If you’re in pharma production, aerospace, medical devices, or any other industry where quality failures are catastrophic, this technology is a game-changer. The more demanding your quality requirements, the more you’ll benefit from consolidation. Also, if you’re confronted with legacy systems that are becoming maintenance nightmares or can’t handle new quality requirements, controller consolidation often provides features simply not available before.

The future is very promising. Software-defined automation enables seamless expansion of disciplines without modifying hardware. Imagine upgrading or patching independently from control systems, much like adding new apps to a smartphone.

We’re also seeing IT and operational technology converging, so real-time quality dashboards, predictive analytics, and automated reporting are becoming standard.
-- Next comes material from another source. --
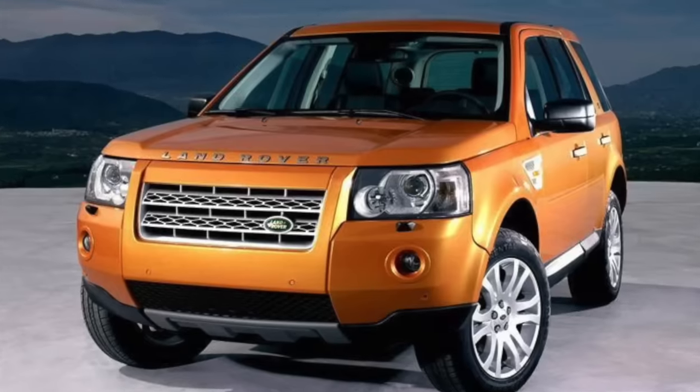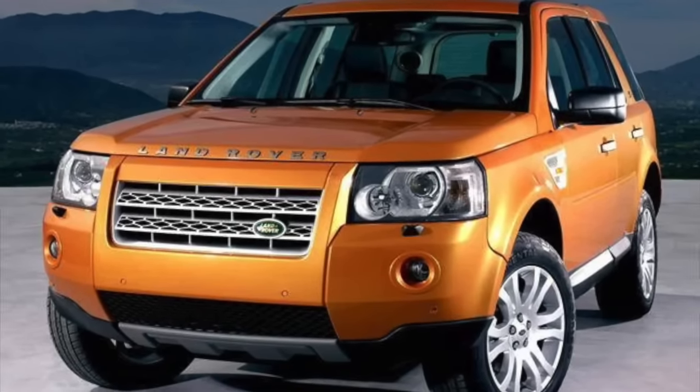They did do a 2.5 litre V6, but no one bought them because they were too thirsty and too expensive, and for some reason Land Rover managed to get almost no horsepower from it — though it did sound quite nice. Then by 2006 they introduced the Freelander 2, which was much better, but it was too little too late. The Freelander, as a brand, was damaged.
With all the new sustainability and traceability requirements coming down the pike, having integrated data capture isn’t just a nicety—it’s more a necessity.

The bottom line

If you’re thinking about control architectures, start with your quality requirements. Work your way backward from there. Unified controllers in this day and age offer quality that multicontroller setups simply can’t match.

The question isn’t whether dedicated controllers can be matched by these new systems—generally, they’re exceeded. The question is whether you can afford the quality compromises of fragmented architectures.

Manufacturing quality demands just keep increasing, and single-controller systems aren’t just keeping up—they’re setting new benchmarks. It’s not a question of choosing a control architecture; it’s a question of choosing a platform for long-term quality excellence.

We’re rapidly moving toward a future where you choose the functions, features, and the capacity you want, and the appropriate package will be put together. Once you see what integrated control can do to your quality figures, you’ll wonder how we ever thought multiple controllers were a good idea in the first place.